● Exercise prompt:
Could every line below be transcribed exactly, with the pictures dropped?

**** Data shown ****

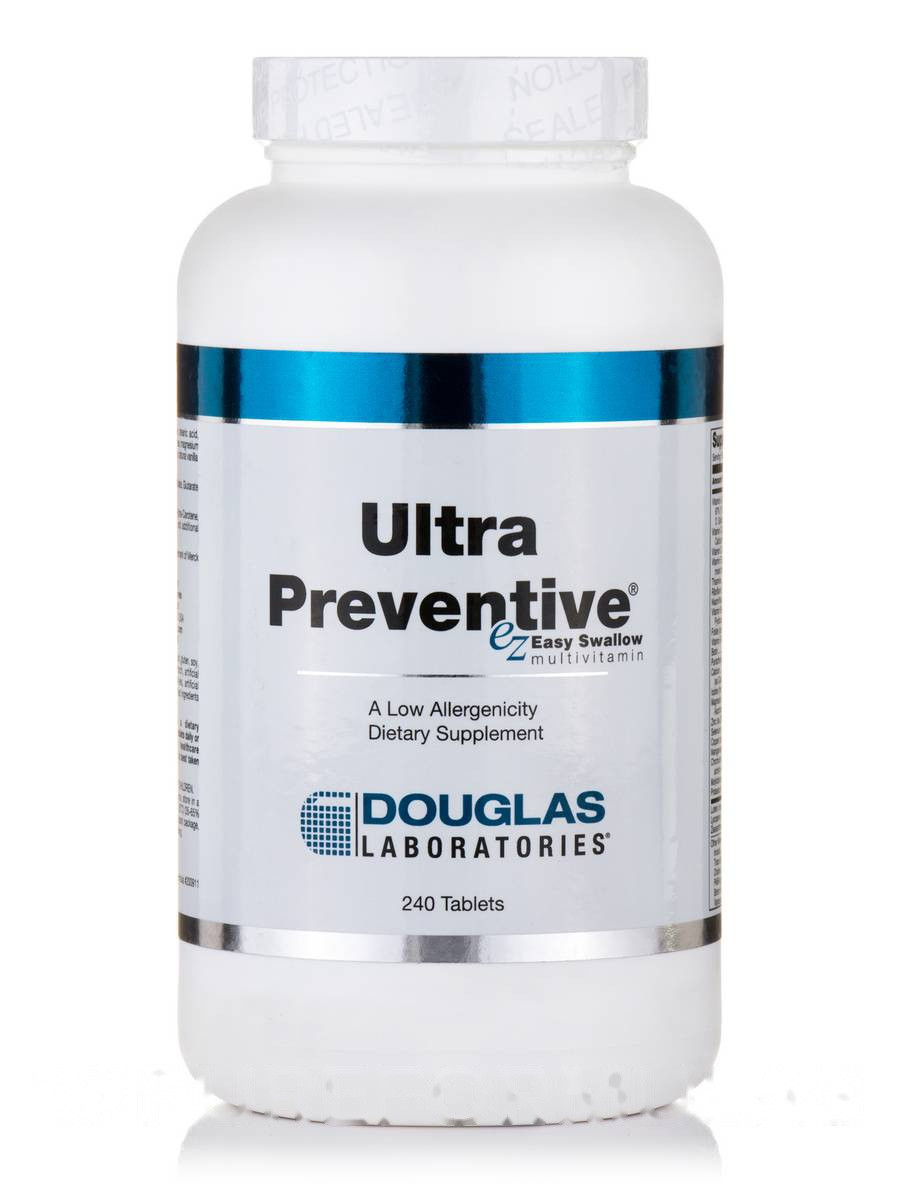 Ультрапрофілактика EZ, Ultra Preventive EZ, Douglas Laboratories, 240 таблеток BX851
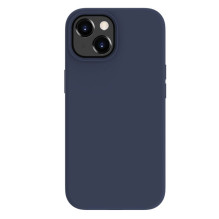 „Evelatus Apple iPhone 15 Premium Magsafe“ minkštas silikoninis dėklas, mėlynas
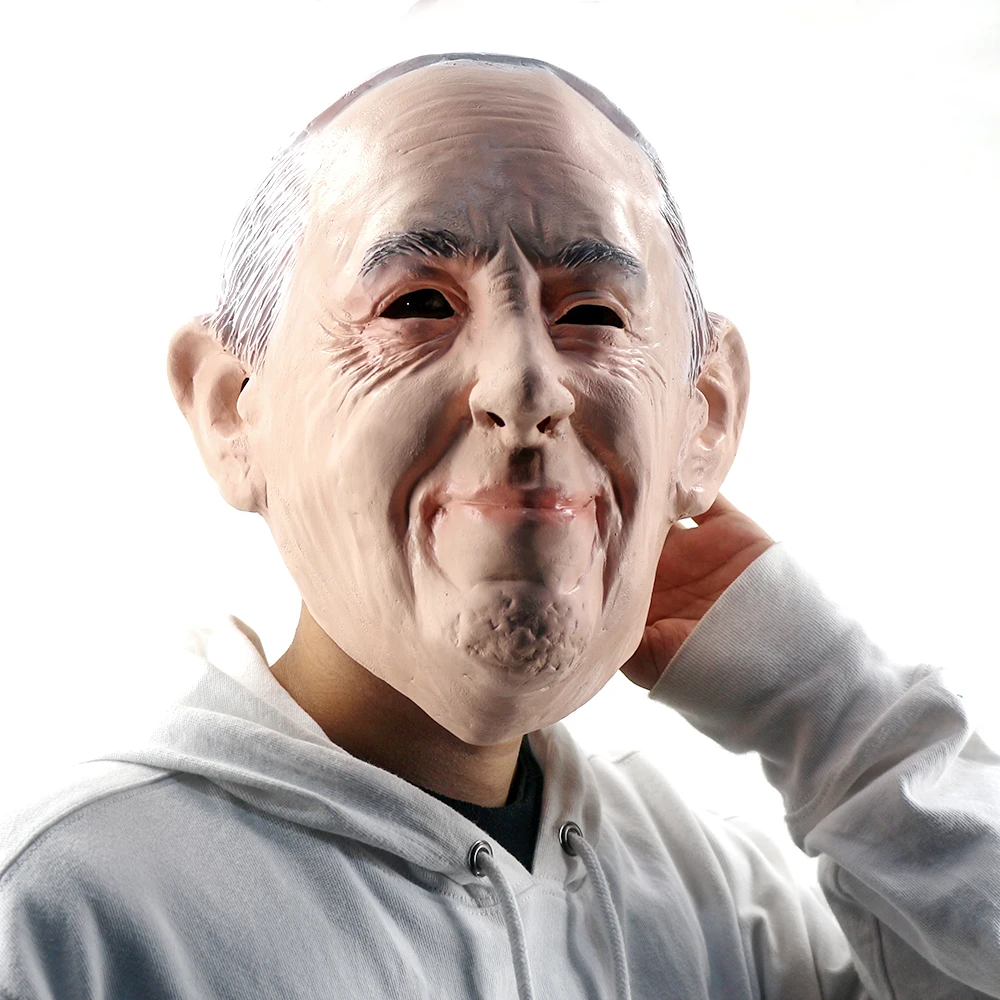 Realistic Old Man Mask Latex Mask Male Full Overhead Halloween Latex Cosplay Human
Realistic Old Man Mask Latex Mask Male Full Overhead Halloween Latex Cosplay Human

****

● Answer for the task:
 Ультрапрофілактика EZ, Ultra Preventive EZ, Douglas Laboratories, 240 таблеток BX851
 „Evelatus Apple iPhone 15 Premium Magsafe“ minkštas silikoninis dėklas, mėlynas
 Realistic Old Man Mask Latex Mask Male Full Overhead Halloween Latex Cosplay Human
Realistic Old Man Mask Latex Mask Male Full Overhead Halloween Latex Cosplay Human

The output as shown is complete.